— THE TASK —
Among the entries below, copy only the span from the line containing "Lonni Alameda (@coach_alameda)" through the line containing "Panorama Hotel Heimbuchenthal Kültér fotó". Do so exactly, and skip the pictures.

— DATASET —
------

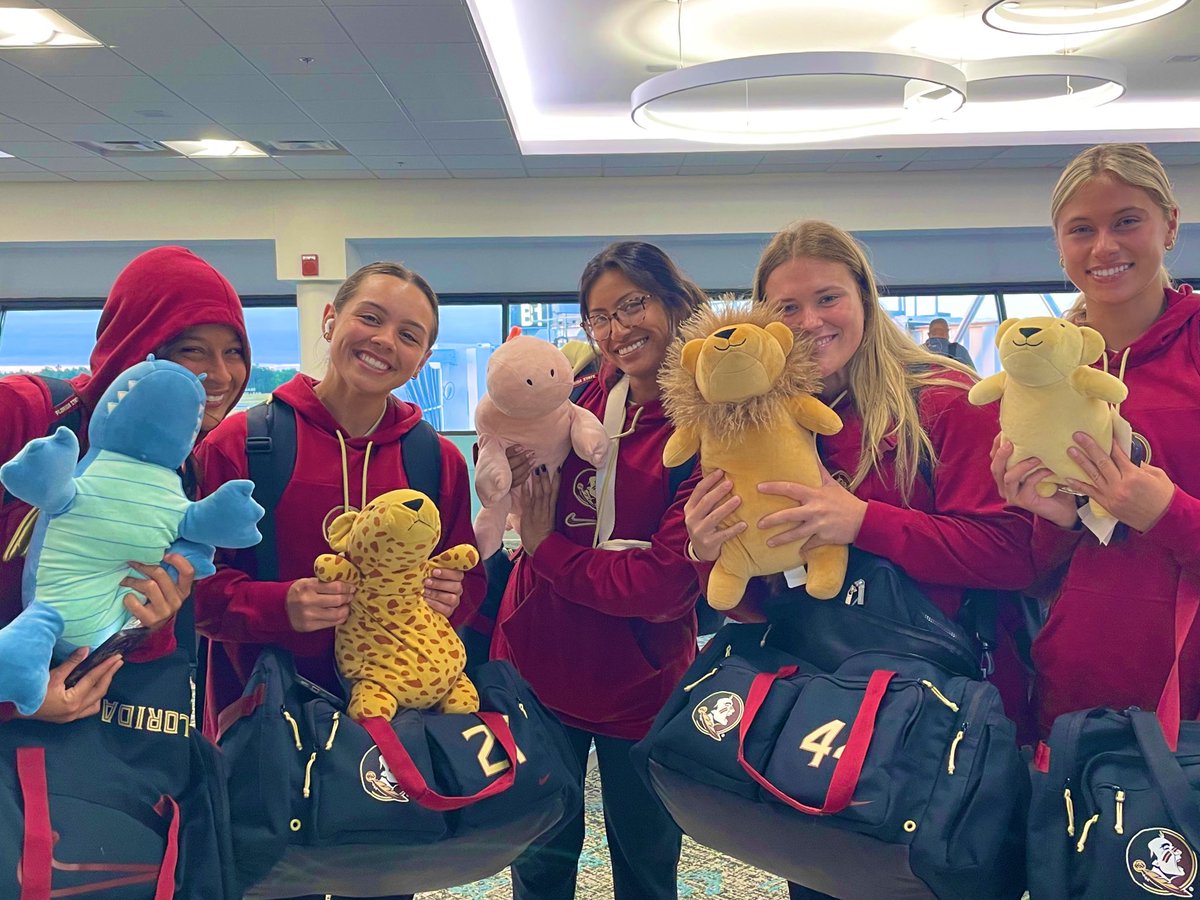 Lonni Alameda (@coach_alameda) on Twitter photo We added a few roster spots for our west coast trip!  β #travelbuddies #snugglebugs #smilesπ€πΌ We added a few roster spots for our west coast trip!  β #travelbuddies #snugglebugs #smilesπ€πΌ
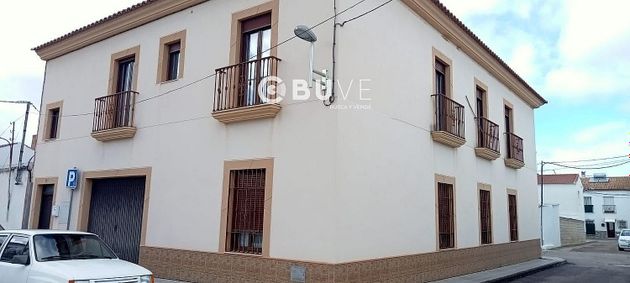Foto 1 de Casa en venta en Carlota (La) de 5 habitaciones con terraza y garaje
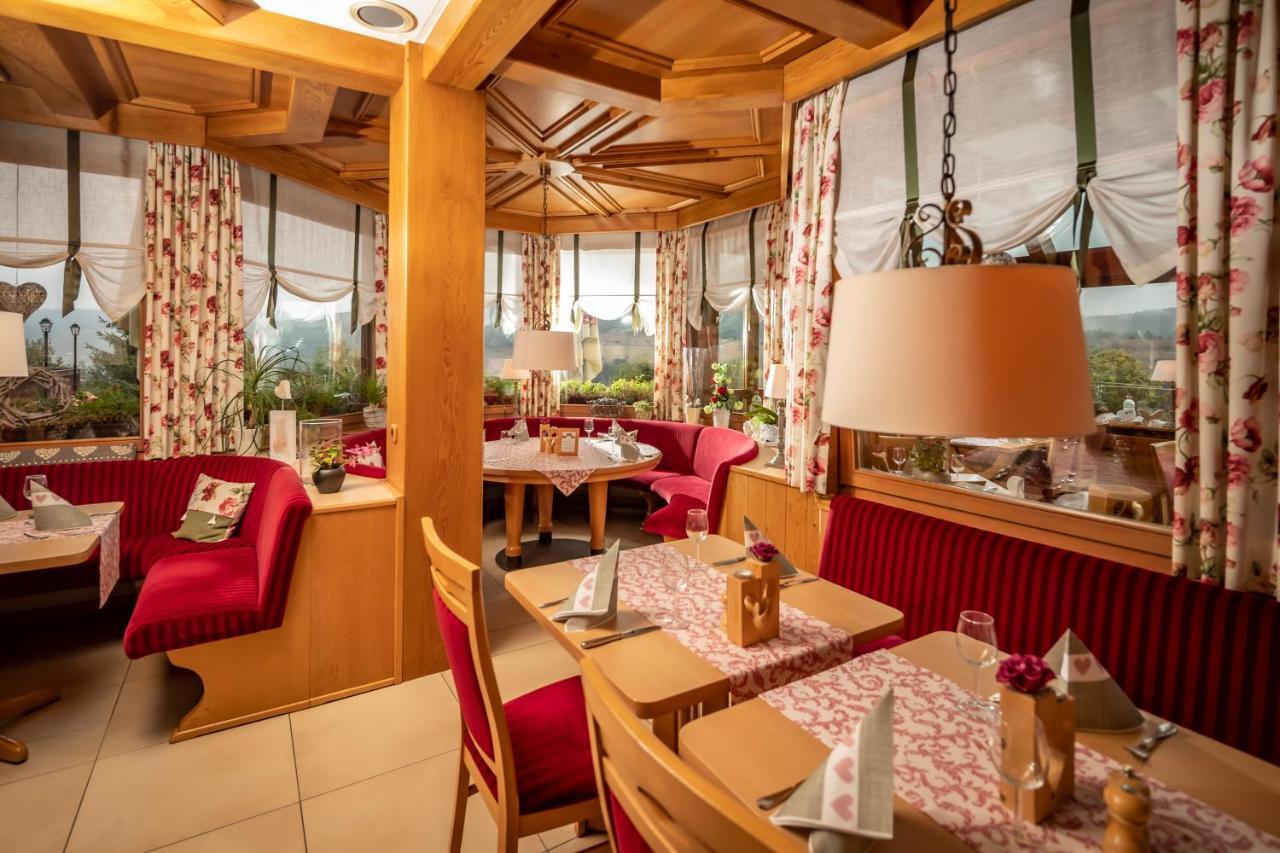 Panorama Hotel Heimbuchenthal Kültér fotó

------

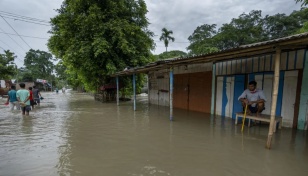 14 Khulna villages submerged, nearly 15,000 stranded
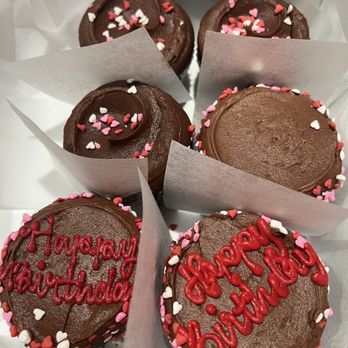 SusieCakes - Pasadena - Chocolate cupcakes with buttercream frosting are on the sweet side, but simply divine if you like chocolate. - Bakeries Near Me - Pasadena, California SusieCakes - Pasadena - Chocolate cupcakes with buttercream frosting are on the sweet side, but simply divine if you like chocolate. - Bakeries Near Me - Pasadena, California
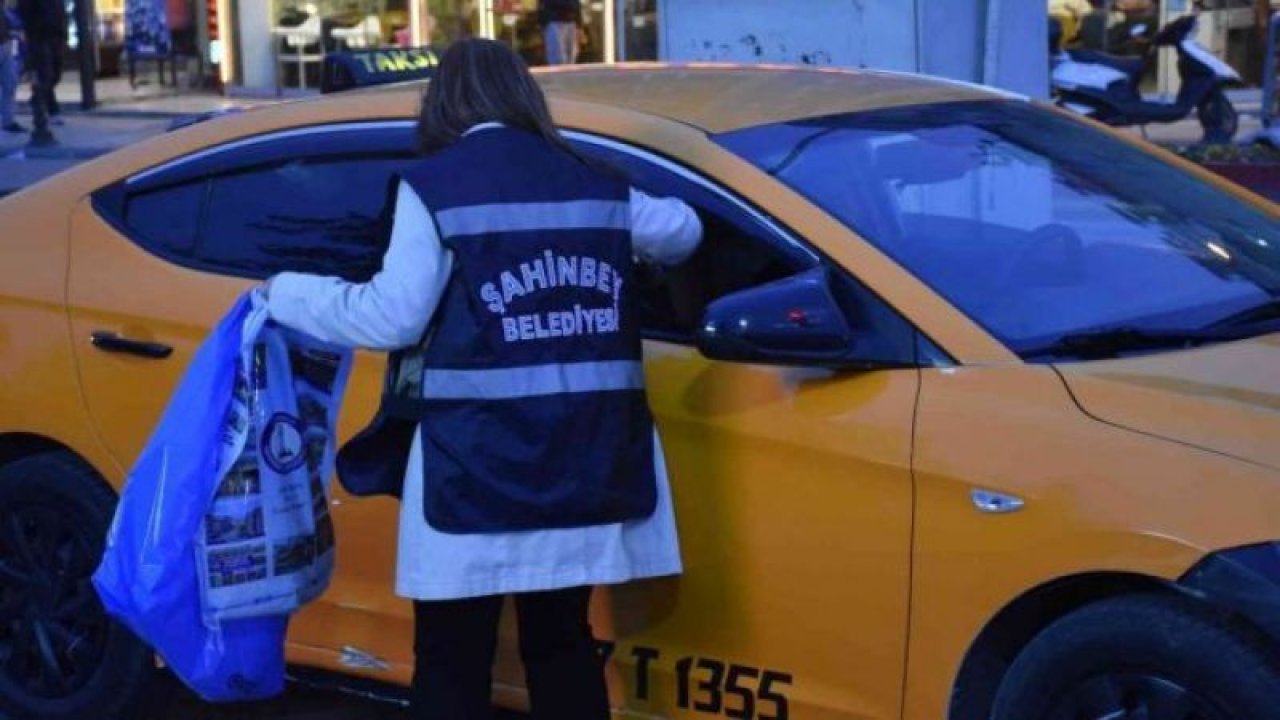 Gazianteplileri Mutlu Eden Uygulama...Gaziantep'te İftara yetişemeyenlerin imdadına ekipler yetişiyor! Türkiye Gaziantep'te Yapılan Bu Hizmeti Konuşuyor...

------

— RESPONSE BELOW —
 Lonni Alameda (@coach_alameda) on Twitter photo We added a few roster spots for our west coast trip!  β #travelbuddies #snugglebugs #smilesπ€πΌ We added a few roster spots for our west coast trip!  β #travelbuddies #snugglebugs #smilesπ€πΌ
Foto 1 de Casa en venta en Carlota (La) de 5 habitaciones con terraza y garaje
 Panorama Hotel Heimbuchenthal Kültér fotó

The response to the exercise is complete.